[Start of section]
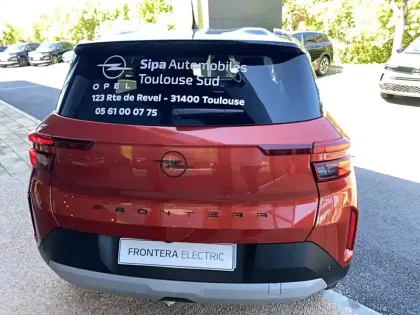Photo 36 Opel Frontera  Electric 113 ch Batterie 44 kWh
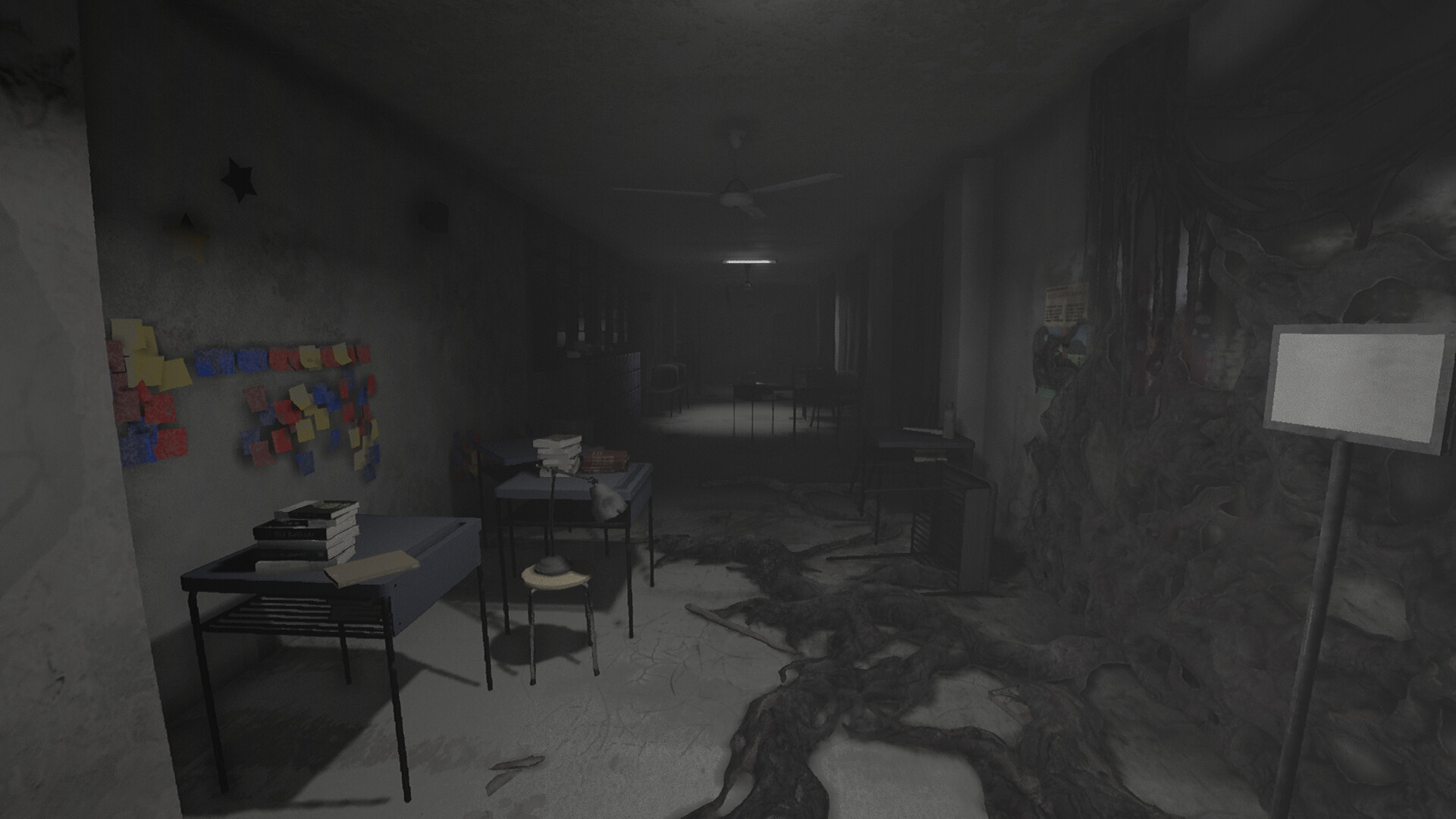 惨痕-Scarred-游戏截图-好玩客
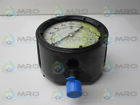 Knox03001177-q-4832 Ashcroft Pressure Gauge Used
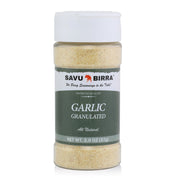 Granulated GarlicSavu Birra LLC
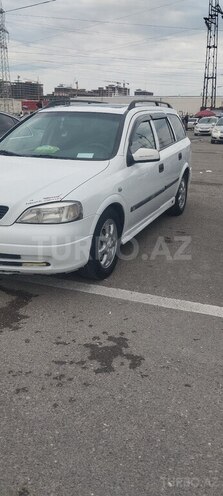 Opel Astra 2001, 580,000 km - 2.0 l - Bakı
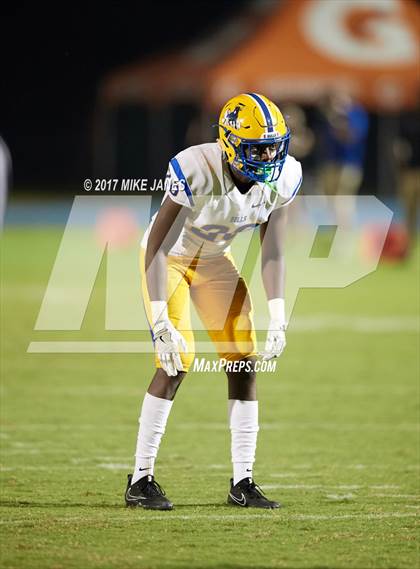 Thumbnail 3 in Northwestern vs. IMG Academy photogallery.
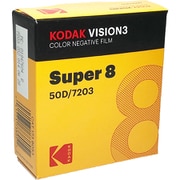 スーパー8 カラーネガ VISION3 50D 7203 50ft 7510951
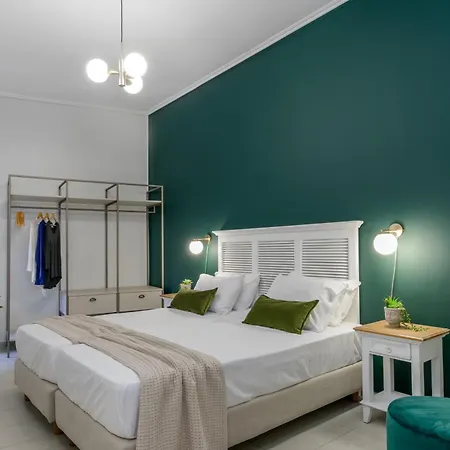 아파트 Centro Y Mar! Penthouse With Terrace! 아르고스톨리온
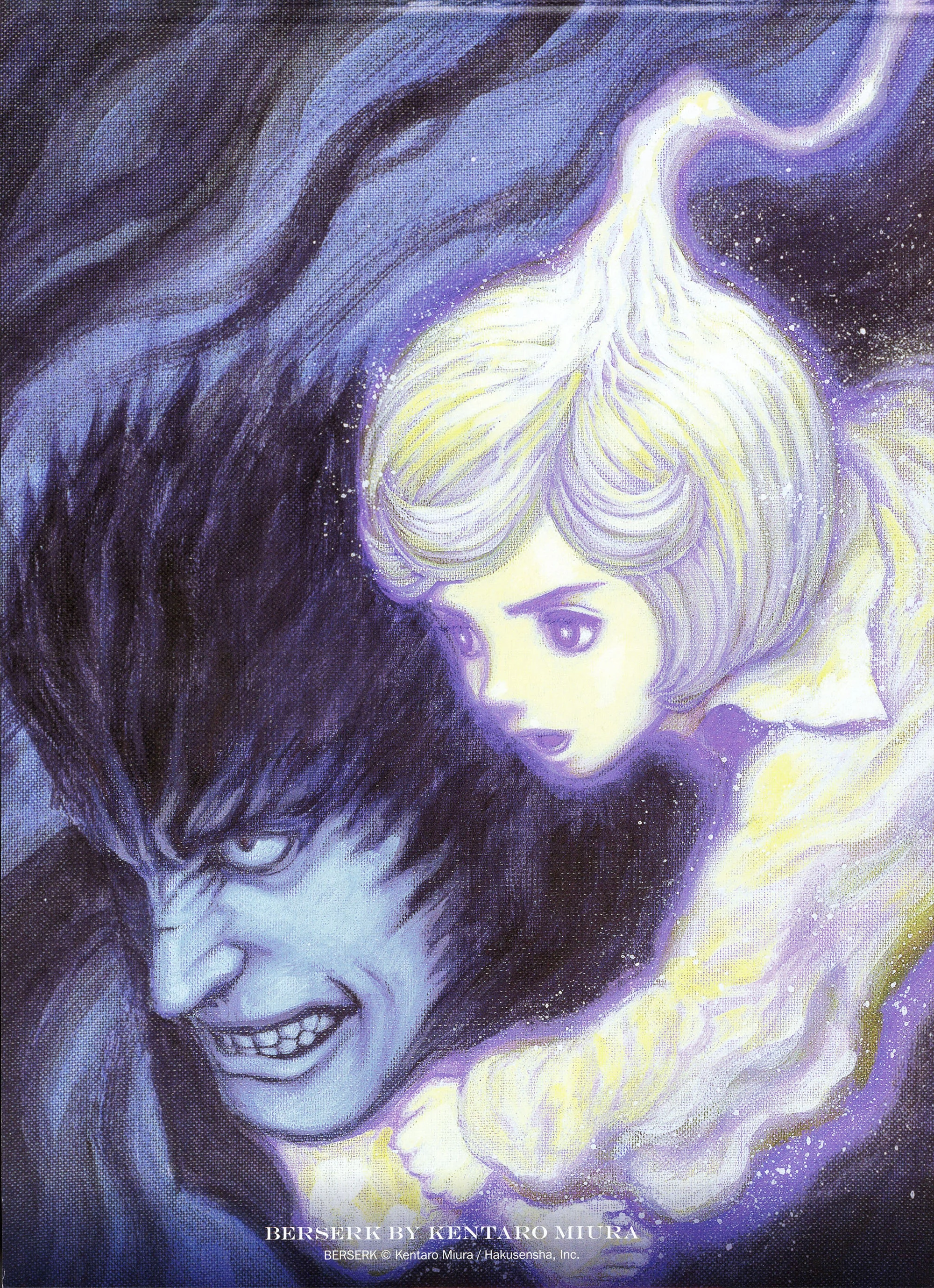 Read Berserk TR Manga Online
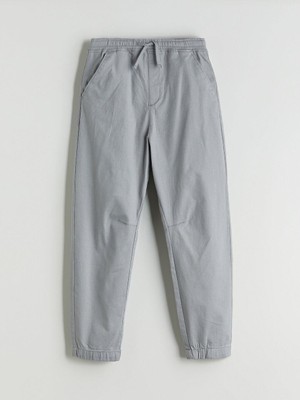 Beli Lastikli Erkek Çocuk Jogger Pantolon  (W5)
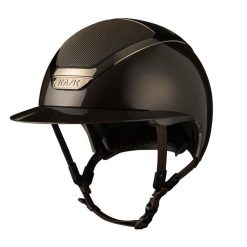KASK Star Lady Pure Shine - Espresso Brown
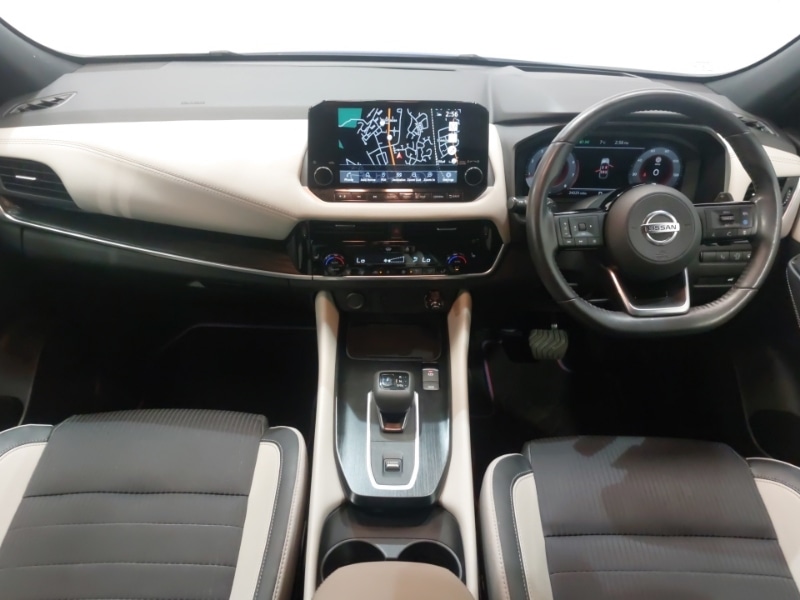 Used Nissan Qashqai 2022 for sale - 77012621: Photo 2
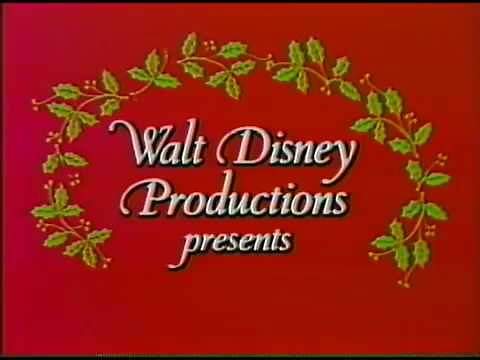 Opening to A Walt Disney Christmas 1982 VHS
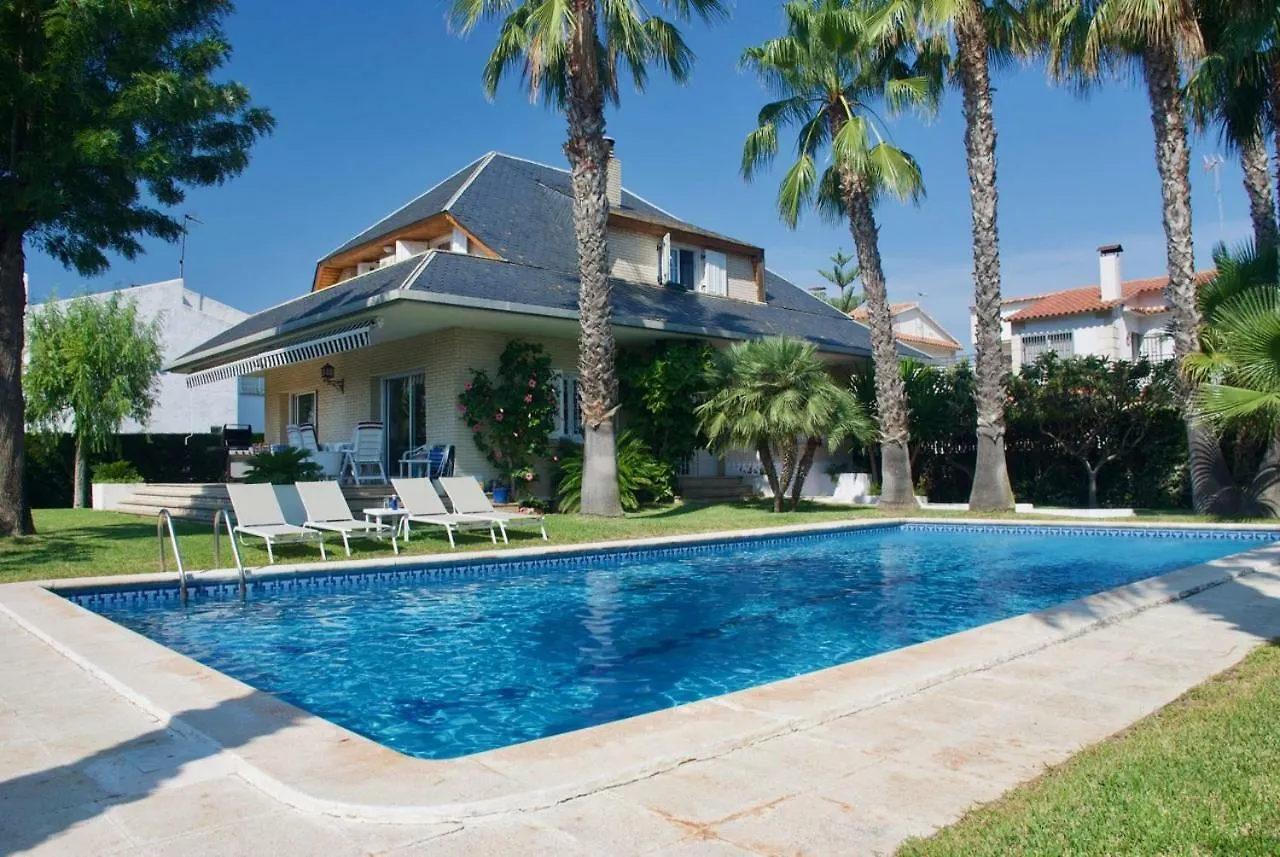 Villa Cala De La Mora Torredembarra
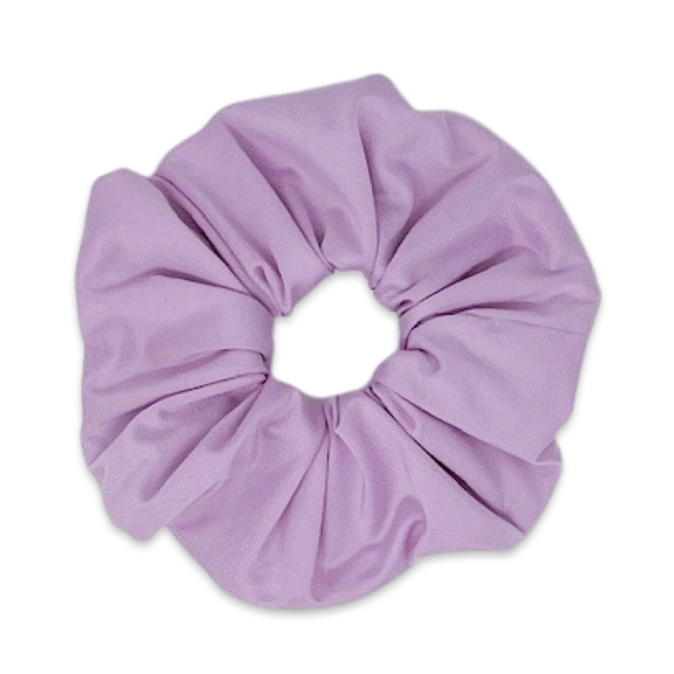 Petal Purple Scrunchie by Set Fashions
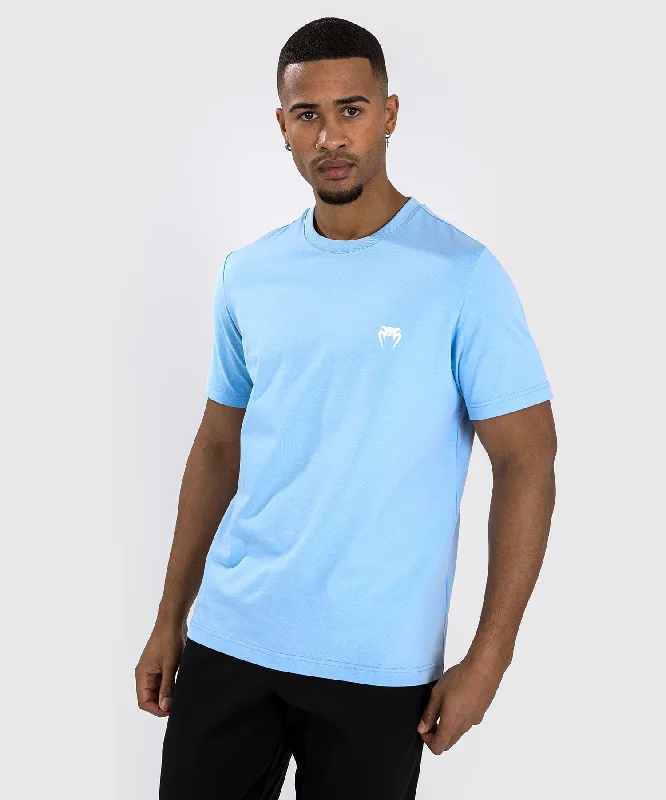 Men's ribbed t - shirts with a textured finish for added styleVenum Contender T-Shirt - Ocean Blue Men's ribbed t - shirts with a textured finish for added styleVenum Contender T-Shirt - Ocean Blue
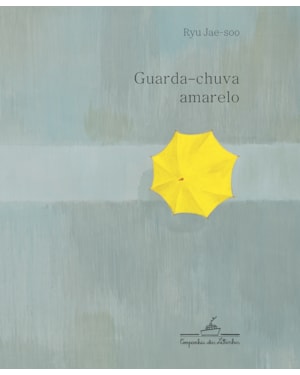 GUARDA-CHUVA AMARELO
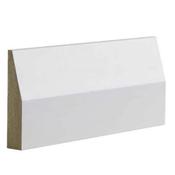 HALF SPLAYED WHITE PRIMED ARCHITRAVE 5 X 2.1M SET image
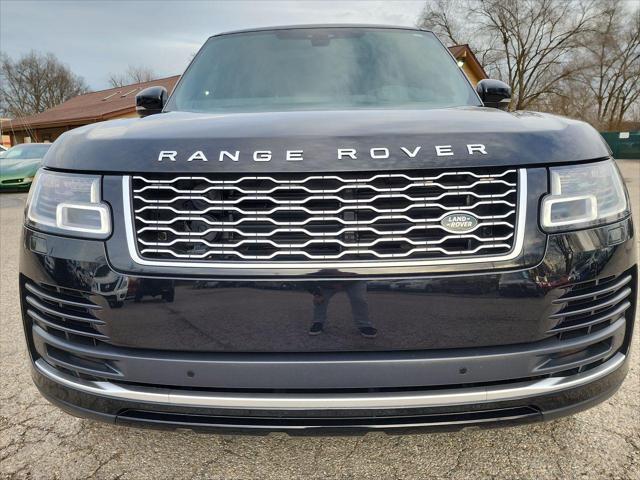 used 2019 Land Rover Range Rover car, priced at $49,995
[End of section]
§ **WHAT THE EXERCISE ASKS**: Word for word, output the lines from the beginning of the listing through the line holding "HALF SPLAYED WHITE" and nothing beyond them. Omit the pictures.

§ **ANSWER BELOW**:
Photo 36 Opel Frontera  Electric 113 ch Batterie 44 kWh
 惨痕-Scarred-游戏截图-好玩客
 Knox03001177-q-4832 Ashcroft Pressure Gauge Used
 Granulated GarlicSavu Birra LLC
 Opel Astra 2001, 580,000 km - 2.0 l - Bakı
 Thumbnail 3 in Northwestern vs. IMG Academy photogallery.
 スーパー8 カラーネガ VISION3 50D 7203 50ft 7510951
 아파트 Centro Y Mar! Penthouse With Terrace! 아르고스톨리온
 Read Berserk TR Manga Online
 Beli Lastikli Erkek Çocuk Jogger Pantolon  (W5)
KASK Star Lady Pure Shine - Espresso Brown
 Used Nissan Qashqai 2022 for sale - 77012621: Photo 2
 Opening to A Walt Disney Christmas 1982 VHS
 Villa Cala De La Mora Torredembarra
 Petal Purple Scrunchie by Set Fashions
 Men's ribbed t - shirts with a textured finish for added styleVenum Contender T-Shirt - Ocean Blue Men's ribbed t - shirts with a textured finish for added styleVenum Contender T-Shirt - Ocean Blue
 GUARDA-CHUVA AMARELO
 HALF SPLAYED WHITE PRIMED ARCHITRAVE 5 X 2.1M SET image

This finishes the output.